PROBLEM DETAILS:
Beginning with the line that has "Just in 🔥Louis Vuitton" and ending with the line that has "Porte Trésor International", retype the entries below exactly, except for the pictures.

PROVIDED RECORDS:
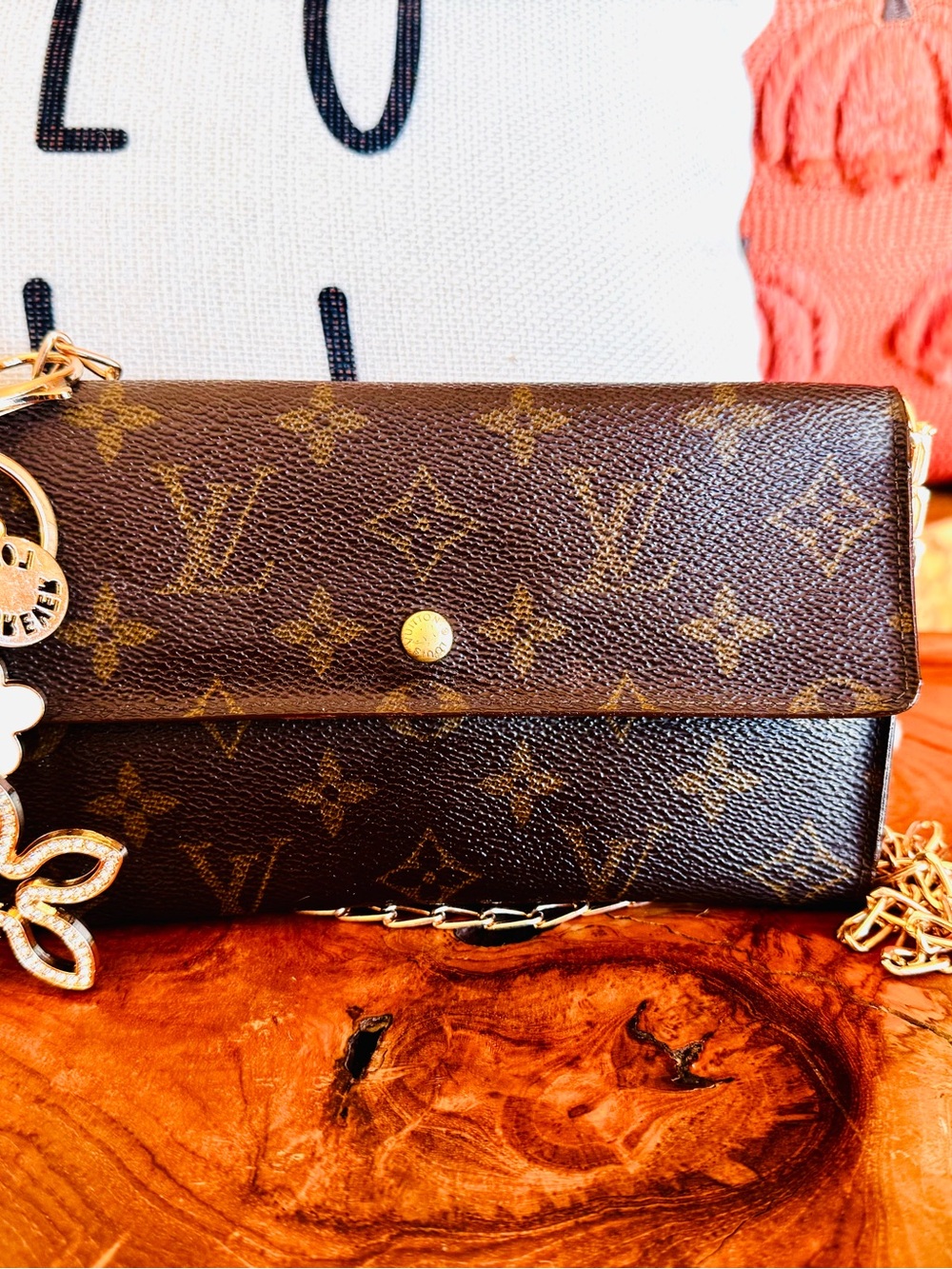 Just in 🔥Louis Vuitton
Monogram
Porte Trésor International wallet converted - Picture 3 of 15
--
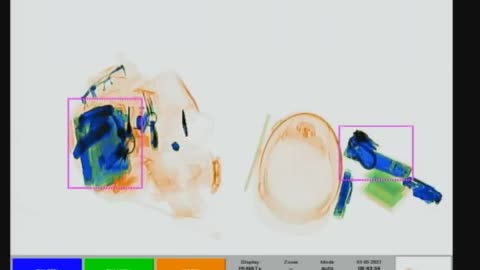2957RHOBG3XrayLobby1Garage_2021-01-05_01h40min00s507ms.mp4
* * *
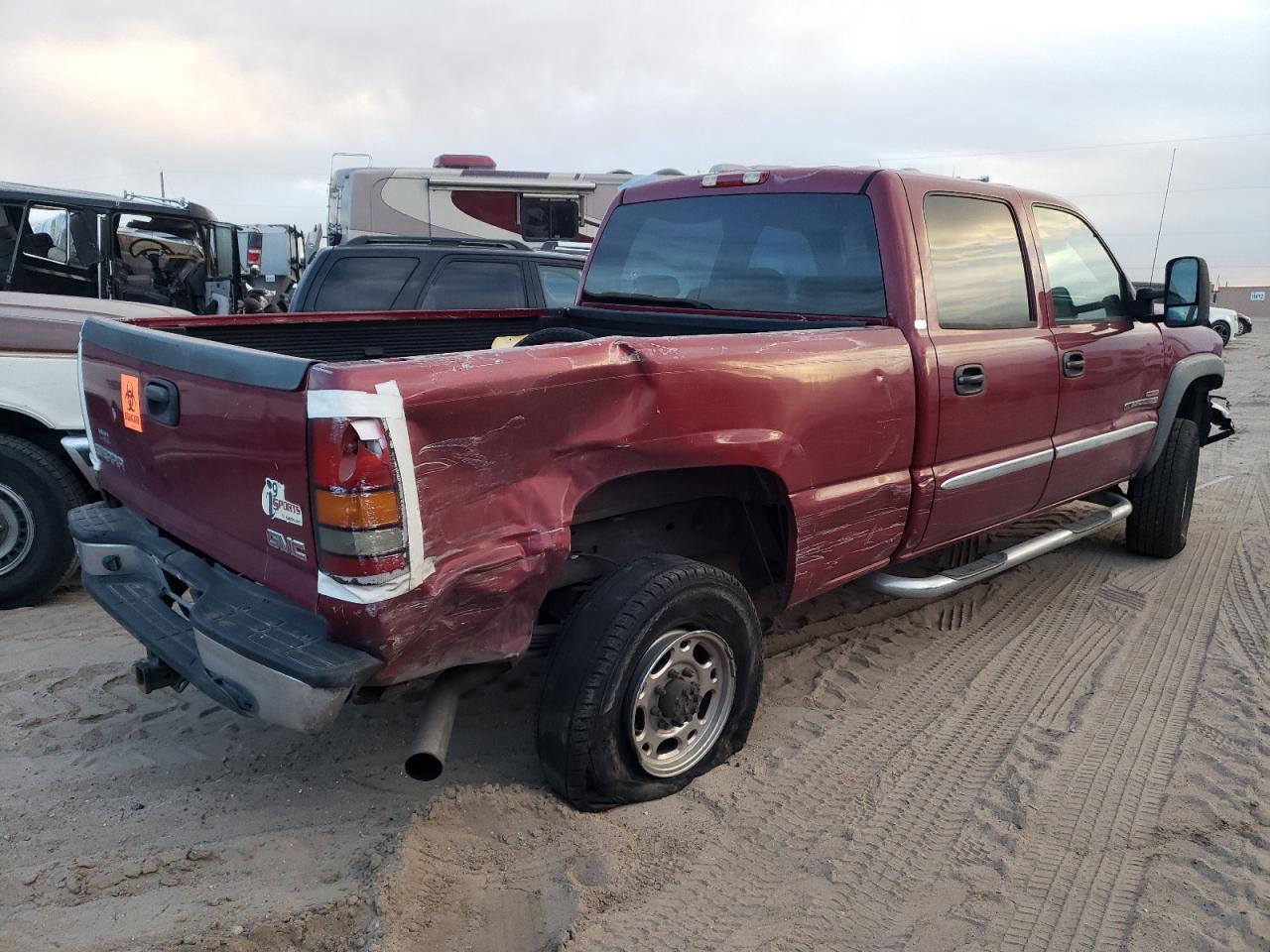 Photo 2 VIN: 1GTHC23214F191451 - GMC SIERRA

RESULT FOR THIS TASK:
 Just in 🔥Louis Vuitton
Monogram
Porte Trésor International wallet converted - Picture 3 of 15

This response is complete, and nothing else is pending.